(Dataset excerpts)

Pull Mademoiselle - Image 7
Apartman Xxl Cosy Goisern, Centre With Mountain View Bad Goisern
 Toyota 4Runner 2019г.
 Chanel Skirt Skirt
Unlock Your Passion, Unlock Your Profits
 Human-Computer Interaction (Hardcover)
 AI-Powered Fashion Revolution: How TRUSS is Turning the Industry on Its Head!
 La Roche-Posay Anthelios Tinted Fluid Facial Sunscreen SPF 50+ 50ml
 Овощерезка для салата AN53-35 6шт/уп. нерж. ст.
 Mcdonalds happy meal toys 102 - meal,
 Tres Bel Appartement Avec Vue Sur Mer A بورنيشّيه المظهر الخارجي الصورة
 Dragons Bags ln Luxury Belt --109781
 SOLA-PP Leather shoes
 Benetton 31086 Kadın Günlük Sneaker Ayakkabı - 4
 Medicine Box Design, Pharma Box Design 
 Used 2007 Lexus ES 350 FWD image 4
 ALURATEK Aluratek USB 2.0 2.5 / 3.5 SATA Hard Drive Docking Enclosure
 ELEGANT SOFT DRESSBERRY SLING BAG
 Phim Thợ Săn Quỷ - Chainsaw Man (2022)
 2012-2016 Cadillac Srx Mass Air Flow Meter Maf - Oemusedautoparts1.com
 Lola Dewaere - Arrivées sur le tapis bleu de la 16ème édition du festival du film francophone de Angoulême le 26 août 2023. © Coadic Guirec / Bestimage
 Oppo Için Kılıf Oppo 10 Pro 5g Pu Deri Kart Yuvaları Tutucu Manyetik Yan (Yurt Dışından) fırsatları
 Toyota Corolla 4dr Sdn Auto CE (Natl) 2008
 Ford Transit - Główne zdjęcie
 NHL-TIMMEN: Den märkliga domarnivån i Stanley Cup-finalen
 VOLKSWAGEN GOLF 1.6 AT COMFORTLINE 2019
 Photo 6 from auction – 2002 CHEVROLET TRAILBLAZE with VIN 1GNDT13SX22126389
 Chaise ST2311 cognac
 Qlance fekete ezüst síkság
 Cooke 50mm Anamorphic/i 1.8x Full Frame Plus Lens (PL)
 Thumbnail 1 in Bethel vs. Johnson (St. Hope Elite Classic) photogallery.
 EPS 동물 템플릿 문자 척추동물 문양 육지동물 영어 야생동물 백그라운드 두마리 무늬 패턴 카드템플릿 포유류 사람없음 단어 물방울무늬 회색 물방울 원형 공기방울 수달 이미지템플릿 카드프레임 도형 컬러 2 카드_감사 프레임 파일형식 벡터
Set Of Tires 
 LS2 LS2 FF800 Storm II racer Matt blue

→ **TASK DESCRIPTION**
Every line of the entries that includes "Toyota" must be copied into the answer.

→ **THE COMPLETED TASK**
 Toyota 4Runner 2019г.
 Toyota Corolla 4dr Sdn Auto CE (Natl) 2008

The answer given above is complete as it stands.